世界中で値上げされたPS5に、日本だけの例外がある
円安と部材高騰を背景に、PS5は世界的に価格を引き上げてきた。ところが日本には、その波を一台だけ免れているモデルがある。2025年11月21日に登場した「PlayStation 5 デジタル・エディション 日本語専用(825GB)」だ。59,980円という価格は、実に4年2か月ぶりの実質値下げにあたる。「2026年4月の値上げで他モデルが大幅に上がる中、この日本語専用モデルは据え置きとなった」と報じられている。(Yahoo!ニュース エキスパート/26/04)なぜソニーは、日本にだけ安いモデルを残すのか。その鍵は「日本語専用」という耳慣れない縛りにある。
「言語ロック」という、静かで強力な転売対策
このモデルは日本のPSアカウントでしか使えず、システム言語も日本語に固定されている。北米や欧州のアカウントでは動かず、海外での使用は事実上できない。世界共通のはずのゲーム機に、あえて地域の壁を設けているのだ。「日本語固定・日本アカウント限定という制約が、海外転売のうまみを減らす」と解説されている。(イエトモノ/26)安い日本向け在庫が海外へ流出すれば、国内の実需家に行き渡らないうえ、円安で為替差益を狙う転売の格好の的になる。言語ロックは、その旨みを根元から断つ仕組みだ。値下げと転売対策を一台で両立させる、静かだが強力な一手である。
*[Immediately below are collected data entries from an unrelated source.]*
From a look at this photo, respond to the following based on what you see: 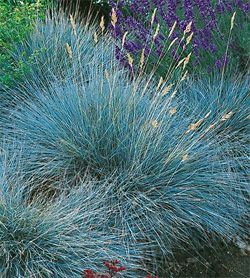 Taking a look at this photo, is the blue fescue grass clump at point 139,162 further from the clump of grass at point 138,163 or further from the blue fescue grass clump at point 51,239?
the blue fescue grass clump at point 51,239

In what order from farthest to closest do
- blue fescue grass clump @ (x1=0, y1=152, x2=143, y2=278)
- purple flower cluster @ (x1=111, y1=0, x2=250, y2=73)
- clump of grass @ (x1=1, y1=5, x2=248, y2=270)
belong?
purple flower cluster @ (x1=111, y1=0, x2=250, y2=73) → clump of grass @ (x1=1, y1=5, x2=248, y2=270) → blue fescue grass clump @ (x1=0, y1=152, x2=143, y2=278)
Switch 2普及期に効く「日本市場を守りたい」というサイン
この動きは価格政策以上の意味を持つ。2026年はSwitch 2が普及期に入り、7月23日の『スプラトゥーン レイダース』などで一気に台数を伸ばす局面にある。据え置き機の主役争いで日本市場の存在感が問われるなか、ソニーが割高感を消したモデルをあえて日本語ロック付きで投じたのは「日本でまだ売れる余地がある」という明確なサインだ。「日本語専用モデルは日本市場で売りたいという意思表示」と評されている。(PlayStation公式/26)世界一律の価格でなく、地域ごとに最適化した売り方へ舵を切ったとも言える。
ゲーム機は「世界共通」から「地域ごとの商品」へ変わる
結論はこうだ。PS5の日本語専用モデルは、単なる安い型落ちではなく、ゲーム機のビジネスモデルが「世界共通の一物一価」から「地域ごとに縛りをかけて守る商品」へ移行し始めた象徴だ。言語ロックという不便さと引き換えに、国内ユーザーは値上げを免れ、転売の脅威も薄れる。ユーザーにとっては、海外持ち出しの予定がなければ最も合理的な選択肢になる。ソニーは値下げの体裁を取りながら、実は日本市場の囲い込みと在庫防衛を同時に進めている。今の日本でPS5を買うなら、この一台の意味を理解しておく価値がある。